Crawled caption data
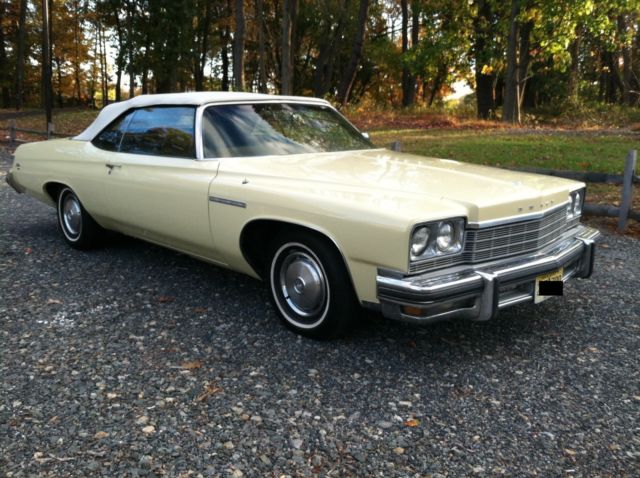 1975 Buick LeSabre BASE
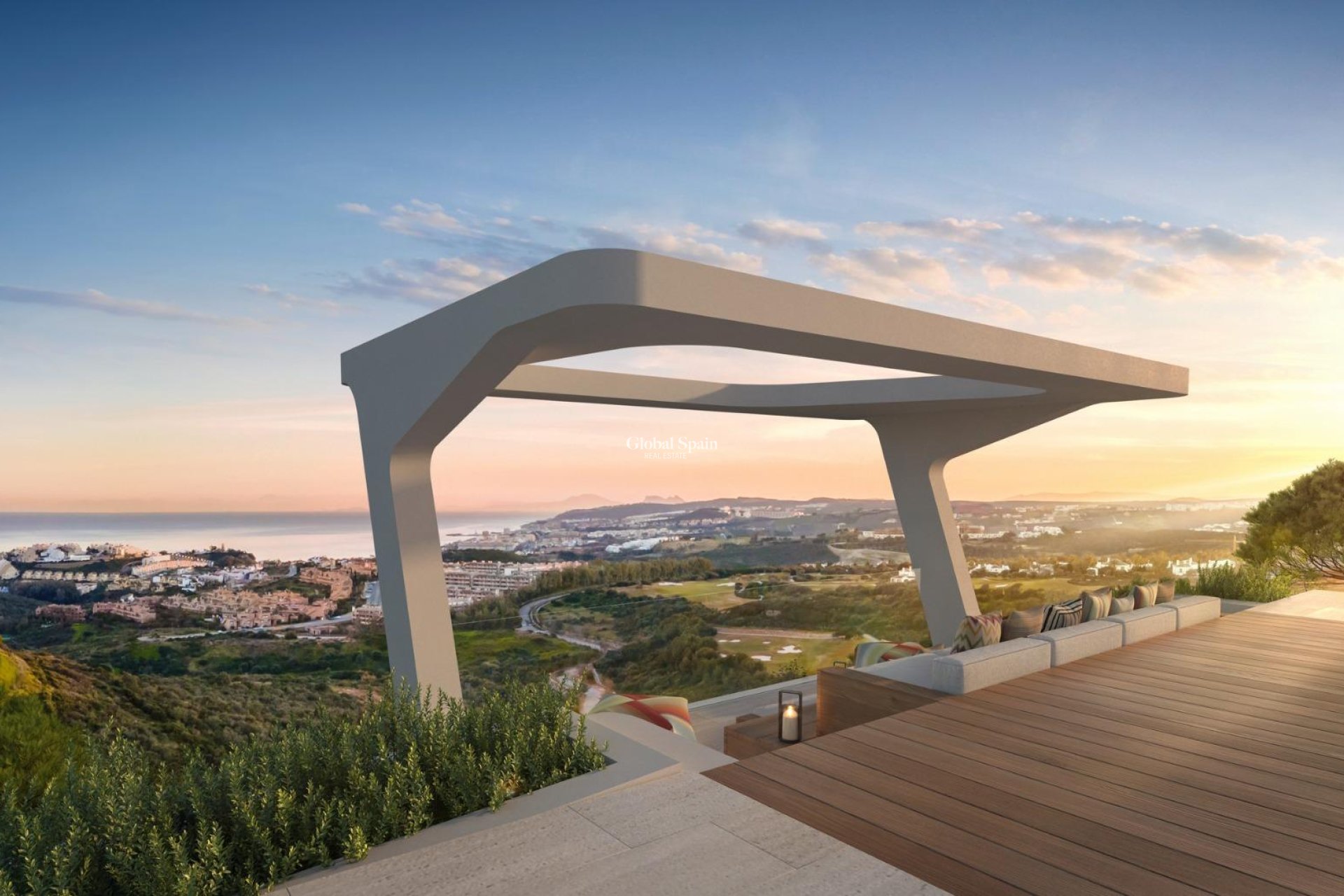 Nouvelle construction - APPARTEMENT -
CASARES - Finca Cortesín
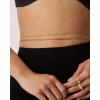 imagePAVOI 14K Gold Plated Body Chains Jewelry for Women  Summer Festival Layered Body Jewelry  Chest ampamp Waist ChainWaist 35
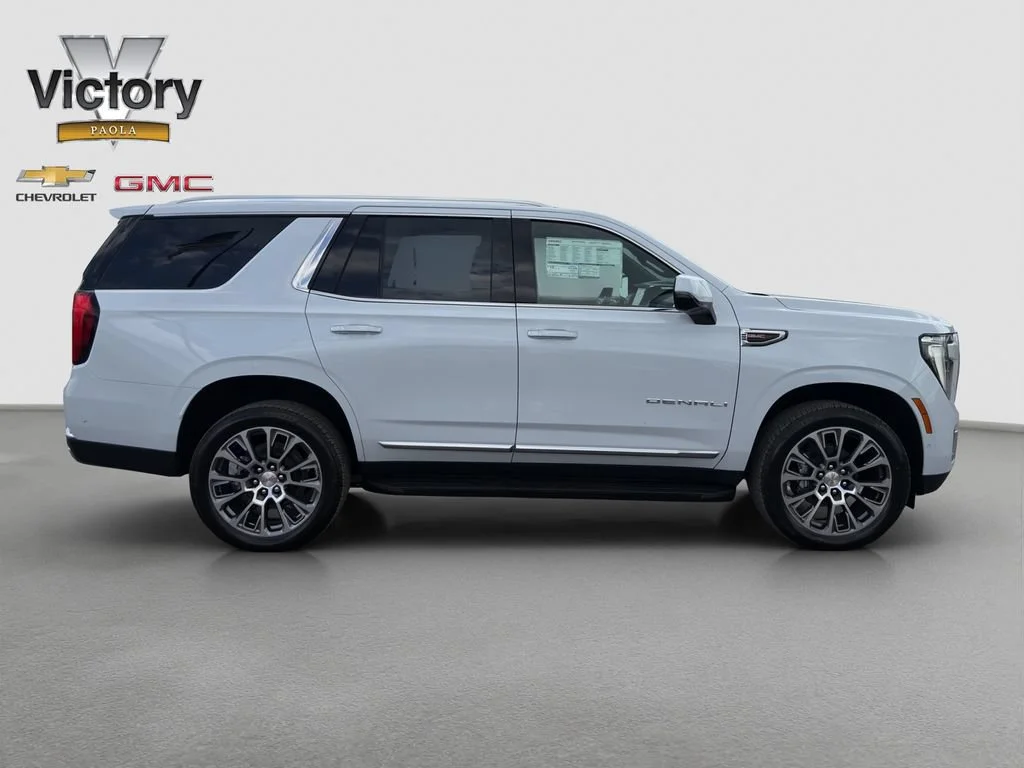 New 2026 Glacier White Tricoat GMC Denali image 7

**Work instruction**: Which lines run from the one containing "Nouvelle construction - APPARTEMENT" to the end of the entries above? Write them out exactly, leaving out every picture.

**Answer for the task**:
 Nouvelle construction - APPARTEMENT -
CASARES - Finca Cortesín
 imagePAVOI 14K Gold Plated Body Chains Jewelry for Women  Summer Festival Layered Body Jewelry  Chest ampamp Waist ChainWaist 35
 New 2026 Glacier White Tricoat GMC Denali image 7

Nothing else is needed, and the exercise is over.